How will Crif react?
In my speech for the commemoration of the Vel d'Hiv roundup last week, I stressed how much this instrumentalisation was an insult to the victims of Nazi barbarism and to their descendants. I alerted the French population in a press release to the danger posed by this amalgamation. But we must go further. What our lawyers are working on is the possibility of going through the legal process to put an end to these disorders.
Is it possible ?
I do not know yet. It's quite complicated because there are two categories of people who use these symbols: on the one hand, those who know very well what they correspond to and who use them, on the other hand, those who sometimes have in good faith, often through ignorance or stupidity the feeling of being subjected to discrimination of the same nature. The former subscribe to an ideology, which could be assimilated to negationism: by dint of comparing and relativizing, we end up forgetting the uniqueness of the Shoah, and somehow denying it. Beyond silly comparisons, the objective of the promoters of this manipulation is to say: "if everything is Auschwitz, well in the end Auschwitz is not that bad! It is denial that does not speak its name.

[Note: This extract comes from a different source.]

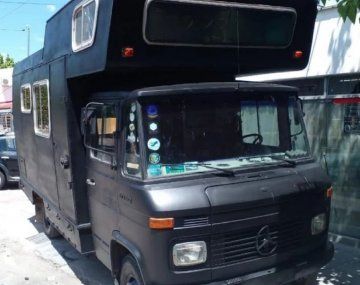 Le robaron una casa rodante al cantante de Las Pastillas del Abuelo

Is there an antisemitic part in this movement?
Hard to say. You have to be very vigilant. There is no expressed antisemitism. But it is very present among those whose goal is to knowingly trivialize the symbols of the Holocaust. In a democracy, we can hold all the debates, express all the discontent and all the opposition, but we cannot trivialize a crime against humanity.
Last Sunday in Głogów, Poland, anti-vaccination protesters chanted that Jews were responsible for the epidemic ... What does that inspire you?
This shocks me terribly. All the more so since it is a country of the European Union which had made notable progress on the importance of the place of the Jews in its history but which since the arrival of the PIS to power wants to establish a new national story. We are concerned to witness this resurgence of antsemitism facilitated by a rewriting of history and the criminalization of historical research into the role of Poland in World War II. If the Righteous Poles played a very important role in saving Jews, we also know that as in all European countries confronted with Nazism, there was also a contribution to the Shoah. It is time for the Polish leaders to accept, as France has done, to face the history of their country in the face and to do everything possible to avoid reconnecting with its long history of antisemitism.
Has the pandemic reactivated antisemitism?
Unfortunately, antisemitism has never been inactive. The pandemic therefore did not reactivate it. But it was the pretext for its amplification, especially through social networks, with a proliferation of conspiracy and conspiracy theories accusing Jews and Israel of having introduced the virus in order to then be able to benefit from the vaccine. In the history of the World, it is an old tune: that of the scapegoat. In every crisis There needs to be someone responsible, and the ideal culprit is always the Jew.